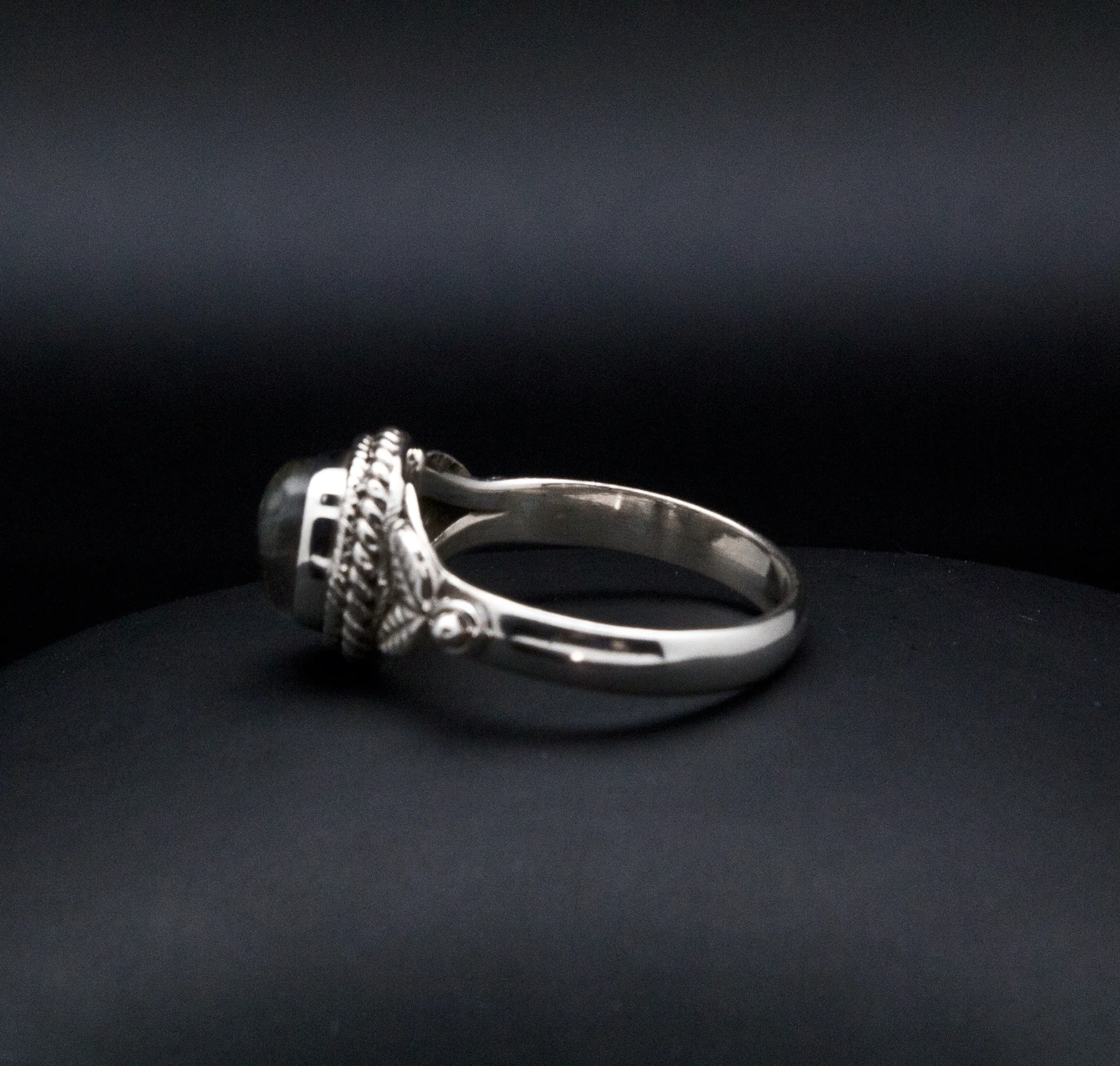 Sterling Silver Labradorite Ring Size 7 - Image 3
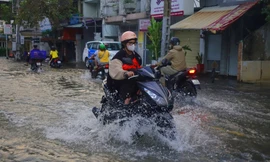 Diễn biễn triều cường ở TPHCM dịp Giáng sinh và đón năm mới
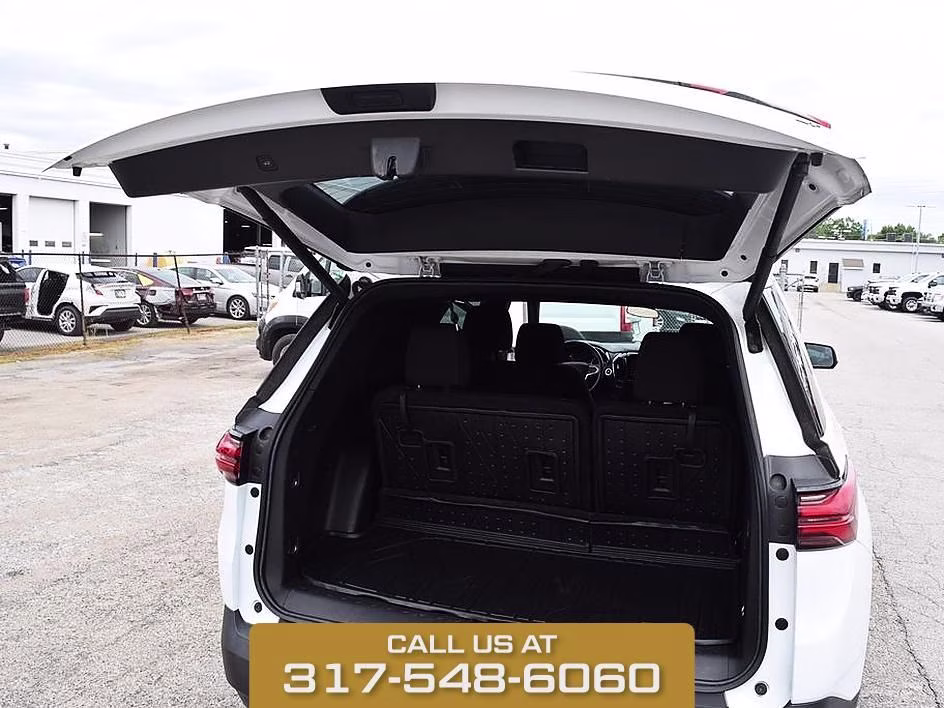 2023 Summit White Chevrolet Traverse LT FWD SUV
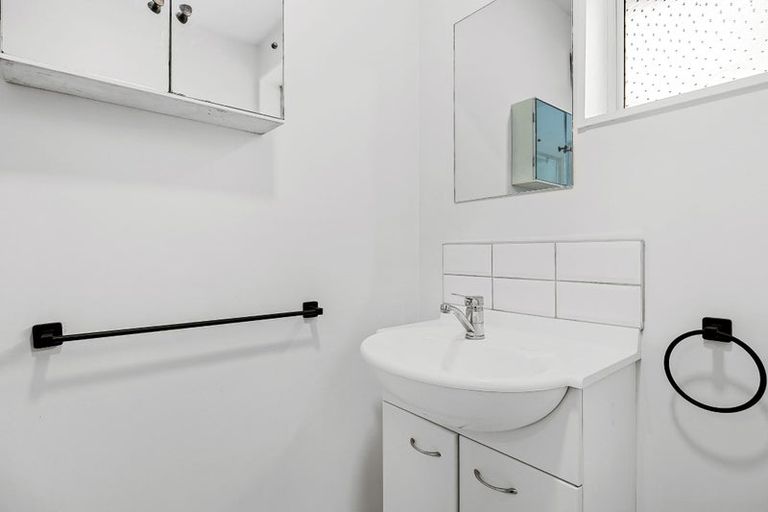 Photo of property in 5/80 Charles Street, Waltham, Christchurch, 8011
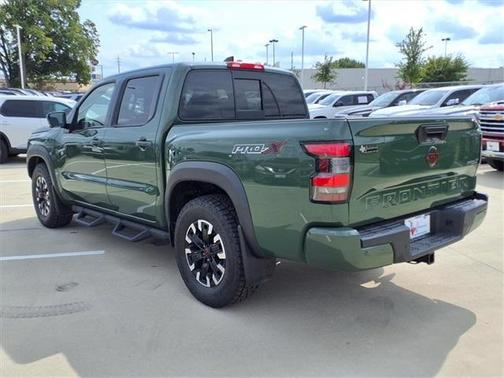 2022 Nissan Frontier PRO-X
※ ※ ※
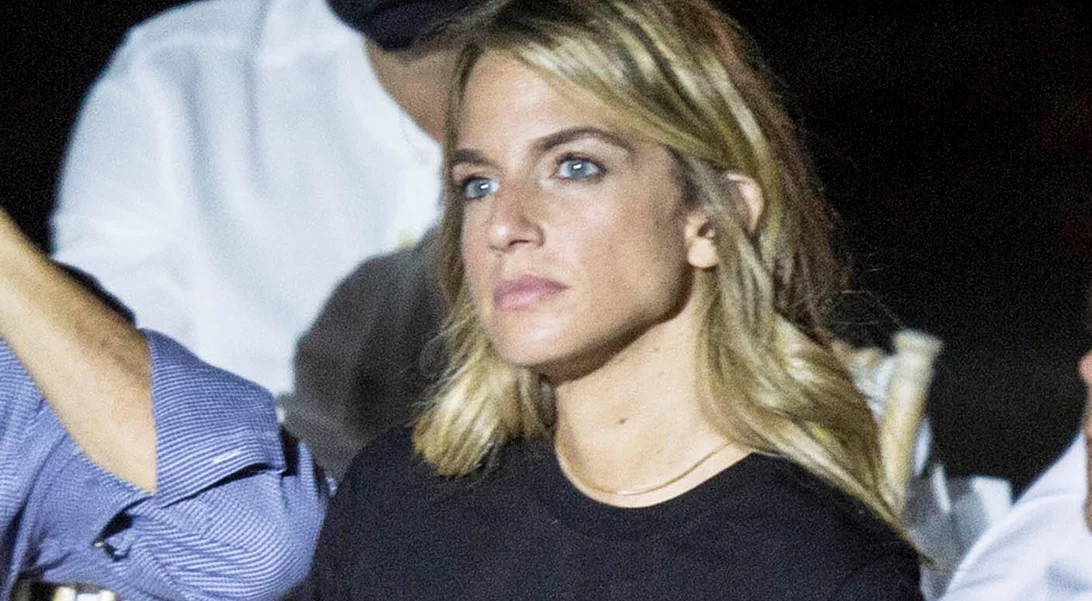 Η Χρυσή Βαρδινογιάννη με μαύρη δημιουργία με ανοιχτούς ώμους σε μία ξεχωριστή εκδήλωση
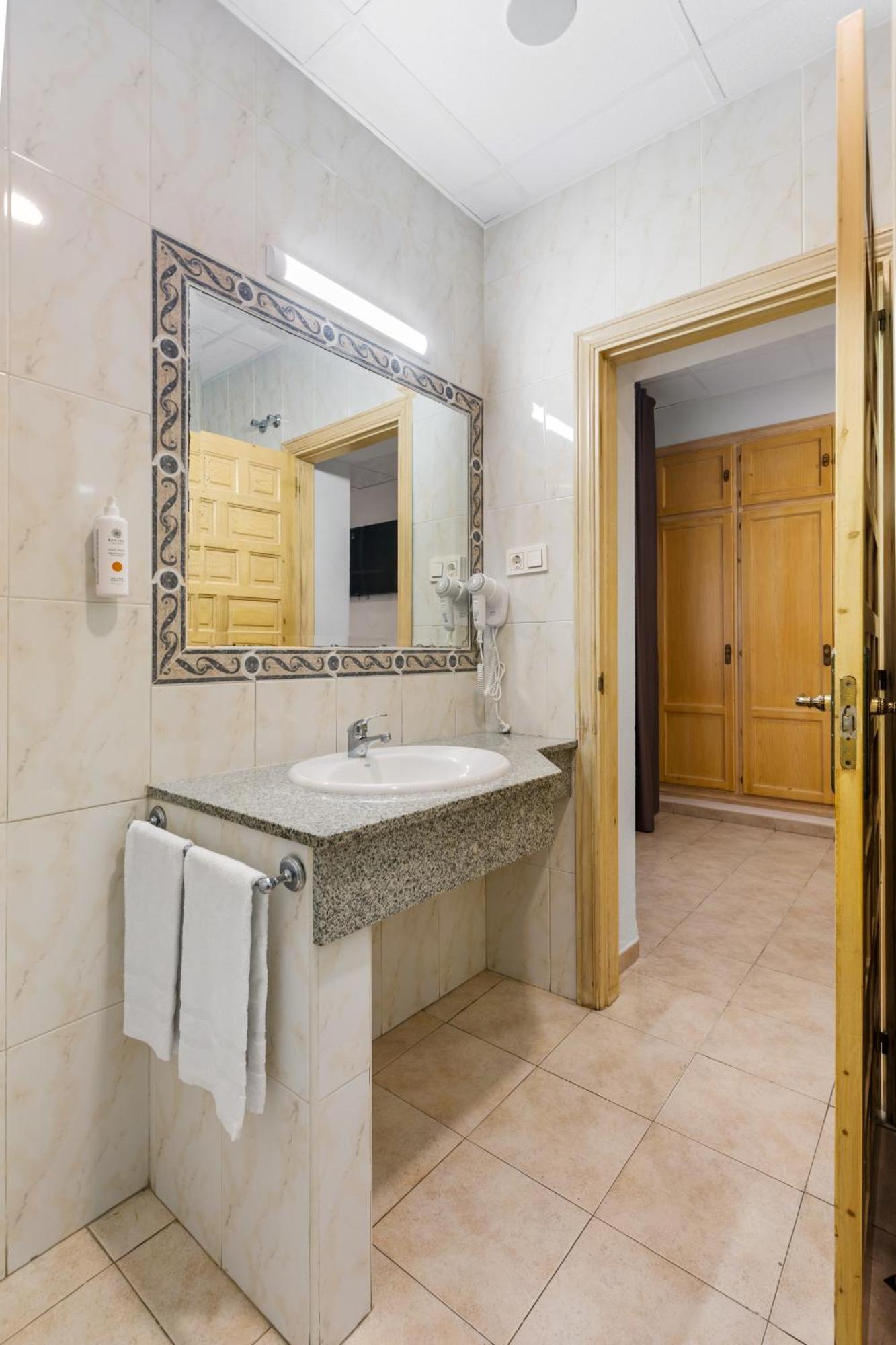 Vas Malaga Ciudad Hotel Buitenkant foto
※ ※ ※
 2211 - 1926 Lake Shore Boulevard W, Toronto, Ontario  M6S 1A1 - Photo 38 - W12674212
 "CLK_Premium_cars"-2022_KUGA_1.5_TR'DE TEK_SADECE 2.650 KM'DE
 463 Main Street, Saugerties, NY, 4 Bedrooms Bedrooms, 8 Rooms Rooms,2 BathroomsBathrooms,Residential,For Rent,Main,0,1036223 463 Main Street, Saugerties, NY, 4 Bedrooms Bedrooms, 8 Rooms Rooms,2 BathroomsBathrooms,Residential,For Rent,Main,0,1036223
※ ※ ※
About this exercise
Of all the material above, only the lines from the one that has "Photo of property" down to the one that has "2022 Nissan Frontier PRO-X" are to be written out, exactly and with both ends included. Pictures are skipped.

Solution for this exercise
 Photo of property in 5/80 Charles Street, Waltham, Christchurch, 8011
 2022 Nissan Frontier PRO-X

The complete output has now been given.